▶ _Data for this task_
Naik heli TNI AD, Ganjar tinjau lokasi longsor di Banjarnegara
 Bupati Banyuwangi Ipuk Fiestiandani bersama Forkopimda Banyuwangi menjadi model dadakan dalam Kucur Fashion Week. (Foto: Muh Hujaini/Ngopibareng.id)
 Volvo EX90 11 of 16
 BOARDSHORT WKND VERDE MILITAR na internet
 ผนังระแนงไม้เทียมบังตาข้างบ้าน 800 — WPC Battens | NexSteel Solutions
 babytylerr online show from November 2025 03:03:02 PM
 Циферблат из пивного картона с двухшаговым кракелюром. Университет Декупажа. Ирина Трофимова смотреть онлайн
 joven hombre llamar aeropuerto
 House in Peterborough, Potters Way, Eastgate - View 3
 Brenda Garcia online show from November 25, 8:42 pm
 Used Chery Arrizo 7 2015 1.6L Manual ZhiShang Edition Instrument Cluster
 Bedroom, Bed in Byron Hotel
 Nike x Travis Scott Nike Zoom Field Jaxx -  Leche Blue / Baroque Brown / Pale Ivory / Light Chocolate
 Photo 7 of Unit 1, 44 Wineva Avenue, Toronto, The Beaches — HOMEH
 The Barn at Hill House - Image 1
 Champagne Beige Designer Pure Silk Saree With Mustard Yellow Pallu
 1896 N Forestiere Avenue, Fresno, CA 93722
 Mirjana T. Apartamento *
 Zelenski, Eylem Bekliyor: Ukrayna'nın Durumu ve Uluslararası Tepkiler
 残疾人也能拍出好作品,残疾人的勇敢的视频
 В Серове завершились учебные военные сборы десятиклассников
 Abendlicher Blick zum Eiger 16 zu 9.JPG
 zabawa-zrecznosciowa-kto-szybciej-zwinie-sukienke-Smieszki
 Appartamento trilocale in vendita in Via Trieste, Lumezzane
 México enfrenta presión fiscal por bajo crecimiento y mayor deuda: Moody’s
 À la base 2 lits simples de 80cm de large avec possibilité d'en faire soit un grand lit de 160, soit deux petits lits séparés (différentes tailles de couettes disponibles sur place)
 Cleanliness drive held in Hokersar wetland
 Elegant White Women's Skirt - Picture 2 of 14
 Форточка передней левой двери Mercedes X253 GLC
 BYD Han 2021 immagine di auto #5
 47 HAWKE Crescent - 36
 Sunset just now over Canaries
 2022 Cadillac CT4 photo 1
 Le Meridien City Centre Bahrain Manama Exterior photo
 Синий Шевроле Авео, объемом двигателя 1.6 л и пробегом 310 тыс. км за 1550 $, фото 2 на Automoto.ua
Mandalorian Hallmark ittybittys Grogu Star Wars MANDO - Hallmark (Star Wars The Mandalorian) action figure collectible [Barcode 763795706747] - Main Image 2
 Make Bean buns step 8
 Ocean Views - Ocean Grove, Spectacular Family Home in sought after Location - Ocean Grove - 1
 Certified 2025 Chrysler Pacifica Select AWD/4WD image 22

▶ _Work order_
Transcribe the records from their first line. Stop after the line with "残疾人也能拍出好作品,残疾人的勇敢的视频", including it.

▶ _Answer section_
Naik heli TNI AD, Ganjar tinjau lokasi longsor di Banjarnegara
 Bupati Banyuwangi Ipuk Fiestiandani bersama Forkopimda Banyuwangi menjadi model dadakan dalam Kucur Fashion Week. (Foto: Muh Hujaini/Ngopibareng.id)
 Volvo EX90 11 of 16
 BOARDSHORT WKND VERDE MILITAR na internet
 ผนังระแนงไม้เทียมบังตาข้างบ้าน 800 — WPC Battens | NexSteel Solutions
 babytylerr online show from November 2025 03:03:02 PM
 Циферблат из пивного картона с двухшаговым кракелюром. Университет Декупажа. Ирина Трофимова смотреть онлайн
 joven hombre llamar aeropuerto
 House in Peterborough, Potters Way, Eastgate - View 3
 Brenda Garcia online show from November 25, 8:42 pm
 Used Chery Arrizo 7 2015 1.6L Manual ZhiShang Edition Instrument Cluster
 Bedroom, Bed in Byron Hotel
 Nike x Travis Scott Nike Zoom Field Jaxx -  Leche Blue / Baroque Brown / Pale Ivory / Light Chocolate
 Photo 7 of Unit 1, 44 Wineva Avenue, Toronto, The Beaches — HOMEH
 The Barn at Hill House - Image 1
 Champagne Beige Designer Pure Silk Saree With Mustard Yellow Pallu
 1896 N Forestiere Avenue, Fresno, CA 93722
 Mirjana T. Apartamento *
 Zelenski, Eylem Bekliyor: Ukrayna'nın Durumu ve Uluslararası Tepkiler
 残疾人也能拍出好作品,残疾人的勇敢的视频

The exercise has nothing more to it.